The second thing to look to is who the parties to the agreement should be, which requires a consideration of who will have access to the confidential information. For example, if the recipient of confidential information will be disclosing such information to its affiliates/subsidiaries, then it would be best to ensure that those entities are also signatories to the agreement and directly bound by the obligations of confidentiality. This makes the enforcement of the obligations against those entities easier and also ensures that they have full notice of the obligations. Furthermore, a disclosing party will want to ensure that the confidentiality agreement states that only employees and contractors of the receiving party, who have a ‘need to know’ such information and who have signed confidentiality and non-disclosure covenants, may be provided with the confidential information.

Next, it is important to identify the information to be disclosed. Depending on the circumstances, this may mean a specific statement of information or a general statement such as “all information concerning the business and affairs of the company”. It will be this information that the receiving party is obligated to keep confidential, so the receiving party will always want to narrow the focus, whereas the disclosing party will always want to be fairly broad (so as not to miss anything). In addition, the receiving party may wish the agreement to indicate that only information marked or identified as being confidential must be treated as such, and the disclosing party will want the agreement to state that all information “obtained, made available or disclosed in circumstances where the recipient ought reasonably to know that such information is confidential” shall be kept confidential.

Certain information may be carved out from the obligations of confidentiality, namely: (i) publicly available information, (ii) information disclosed to the public by the disclosing party without restriction, (iii) information known to the recipient at the time of disclosure, and (iv) information which can be proved was independently developed by the recipient without any breach of confidentiality obligations.

The recipient’s obligations under a confidentiality agreement should be to hold the information in confidence and not disclose it further, and not use it for other than the stated purpose (if one is set out in the agreement). Furthermore, the recipient should be obligated to treat the information with a standard of care which she/he/it would use to protect her/his/its own valuable confidential information.

Another matter to determine in a confidentiality agreement is how long the obligations will be in place. For those obligations concerning personal non-public information, the obligations should be perpetual. Otherwise, it is appropriate to set a term in the agreement for the length of time that the obligations will survive.

The agreement should also contain general ‘boilerplate’ provisions respecting (i) the binding nature of the agreement on the signatory(ies) and her/his/its(their) successors and assigns, (ii) the non-assignable nature of the agreement (except perhaps with the consent of the other side party), and (iii) governing laws.

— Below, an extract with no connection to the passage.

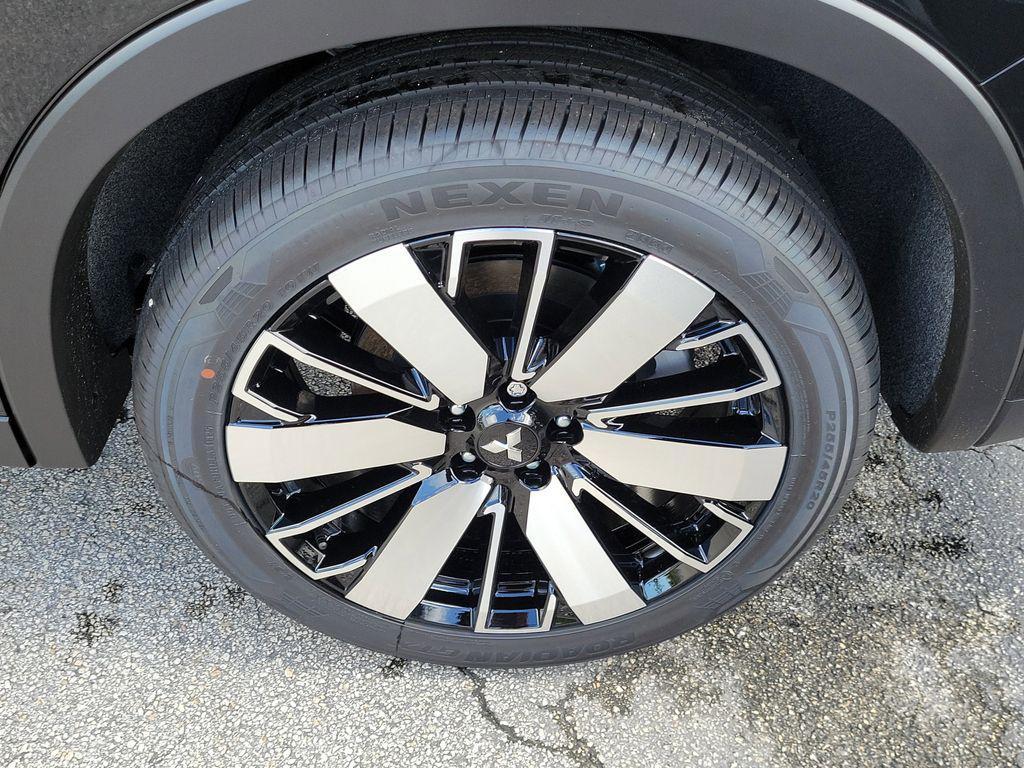 new 2025 Mitsubishi Outlander car, priced at $34,680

Finally, if the confidentiality agreement is well drafted and both parties have had legal representation (or waived such representation), understood the obligations and not entered into the agreement under any duress, then the agreement may be enforced if there is any breach of its terms, including the entitlement to bring an order for injunctive relief, a claim for breach of contract and/or specific remedies.

Handshakes may work for some, but the better course of action is to ensure that there are proper agreements in place to protect your interests and your valuable information!